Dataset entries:
────────────────────────────────────────

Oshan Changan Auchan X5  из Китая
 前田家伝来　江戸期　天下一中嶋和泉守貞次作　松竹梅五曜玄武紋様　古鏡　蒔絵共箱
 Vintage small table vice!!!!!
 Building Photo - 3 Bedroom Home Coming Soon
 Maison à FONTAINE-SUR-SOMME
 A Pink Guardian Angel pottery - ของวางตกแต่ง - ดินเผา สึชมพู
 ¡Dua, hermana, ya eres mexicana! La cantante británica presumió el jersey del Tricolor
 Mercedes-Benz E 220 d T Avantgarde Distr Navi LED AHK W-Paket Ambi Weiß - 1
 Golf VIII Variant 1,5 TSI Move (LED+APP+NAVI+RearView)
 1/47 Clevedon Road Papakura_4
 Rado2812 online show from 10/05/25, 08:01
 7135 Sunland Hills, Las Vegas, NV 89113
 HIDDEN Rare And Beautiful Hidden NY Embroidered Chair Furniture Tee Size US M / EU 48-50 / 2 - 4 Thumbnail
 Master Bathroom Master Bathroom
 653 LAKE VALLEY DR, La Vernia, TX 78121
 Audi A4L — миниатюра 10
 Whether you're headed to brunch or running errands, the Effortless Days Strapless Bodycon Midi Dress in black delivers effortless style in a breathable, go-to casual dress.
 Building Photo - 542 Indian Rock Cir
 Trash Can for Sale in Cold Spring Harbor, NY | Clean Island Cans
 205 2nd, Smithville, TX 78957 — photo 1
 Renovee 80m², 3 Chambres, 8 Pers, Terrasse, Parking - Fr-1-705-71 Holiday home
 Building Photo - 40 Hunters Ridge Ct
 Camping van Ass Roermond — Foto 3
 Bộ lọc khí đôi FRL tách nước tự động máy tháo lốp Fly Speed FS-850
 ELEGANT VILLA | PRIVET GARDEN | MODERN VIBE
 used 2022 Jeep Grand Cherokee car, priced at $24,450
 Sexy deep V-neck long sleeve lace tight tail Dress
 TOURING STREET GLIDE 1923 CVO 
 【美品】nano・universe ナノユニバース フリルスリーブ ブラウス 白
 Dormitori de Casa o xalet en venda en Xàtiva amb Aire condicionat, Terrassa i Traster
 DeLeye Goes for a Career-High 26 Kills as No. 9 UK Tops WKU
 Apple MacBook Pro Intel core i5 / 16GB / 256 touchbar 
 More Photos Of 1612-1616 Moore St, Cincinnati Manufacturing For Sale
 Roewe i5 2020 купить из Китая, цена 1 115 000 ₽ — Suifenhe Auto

────────────────────────────────────────

:: WHAT THE EXERCISE ASKS ::
Every entry must appear in the answer, reproduced exactly.

:: OUTPUT BELOW ::
Oshan Changan Auchan X5  из Китая
 前田家伝来　江戸期　天下一中嶋和泉守貞次作　松竹梅五曜玄武紋様　古鏡　蒔絵共箱
 Vintage small table vice!!!!!
 Building Photo - 3 Bedroom Home Coming Soon
 Maison à FONTAINE-SUR-SOMME
 A Pink Guardian Angel pottery - ของวางตกแต่ง - ดินเผา สึชมพู
 ¡Dua, hermana, ya eres mexicana! La cantante británica presumió el jersey del Tricolor
 Mercedes-Benz E 220 d T Avantgarde Distr Navi LED AHK W-Paket Ambi Weiß - 1
 Golf VIII Variant 1,5 TSI Move (LED+APP+NAVI+RearView)
 1/47 Clevedon Road Papakura_4
 Rado2812 online show from 10/05/25, 08:01
 7135 Sunland Hills, Las Vegas, NV 89113
 HIDDEN Rare And Beautiful Hidden NY Embroidered Chair Furniture Tee Size US M / EU 48-50 / 2 - 4 Thumbnail
 Master Bathroom Master Bathroom
 653 LAKE VALLEY DR, La Vernia, TX 78121
 Audi A4L — миниатюра 10
 Whether you're headed to brunch or running errands, the Effortless Days Strapless Bodycon Midi Dress in black delivers effortless style in a breathable, go-to casual dress.
 Building Photo - 542 Indian Rock Cir
 Trash Can for Sale in Cold Spring Harbor, NY | Clean Island Cans
 205 2nd, Smithville, TX 78957 — photo 1
 Renovee 80m², 3 Chambres, 8 Pers, Terrasse, Parking - Fr-1-705-71 Holiday home
 Building Photo - 40 Hunters Ridge Ct
 Camping van Ass Roermond — Foto 3
 Bộ lọc khí đôi FRL tách nước tự động máy tháo lốp Fly Speed FS-850
 ELEGANT VILLA | PRIVET GARDEN | MODERN VIBE
 used 2022 Jeep Grand Cherokee car, priced at $24,450
 Sexy deep V-neck long sleeve lace tight tail Dress
 TOURING STREET GLIDE 1923 CVO 
 【美品】nano・universe ナノユニバース フリルスリーブ ブラウス 白
 Dormitori de Casa o xalet en venda en Xàtiva amb Aire condicionat, Terrassa i Traster
 DeLeye Goes for a Career-High 26 Kills as No. 9 UK Tops WKU
 Apple MacBook Pro Intel core i5 / 16GB / 256 touchbar 
 More Photos Of 1612-1616 Moore St, Cincinnati Manufacturing For Sale
 Roewe i5 2020 купить из Китая, цена 1 115 000 ₽ — Suifenhe Auto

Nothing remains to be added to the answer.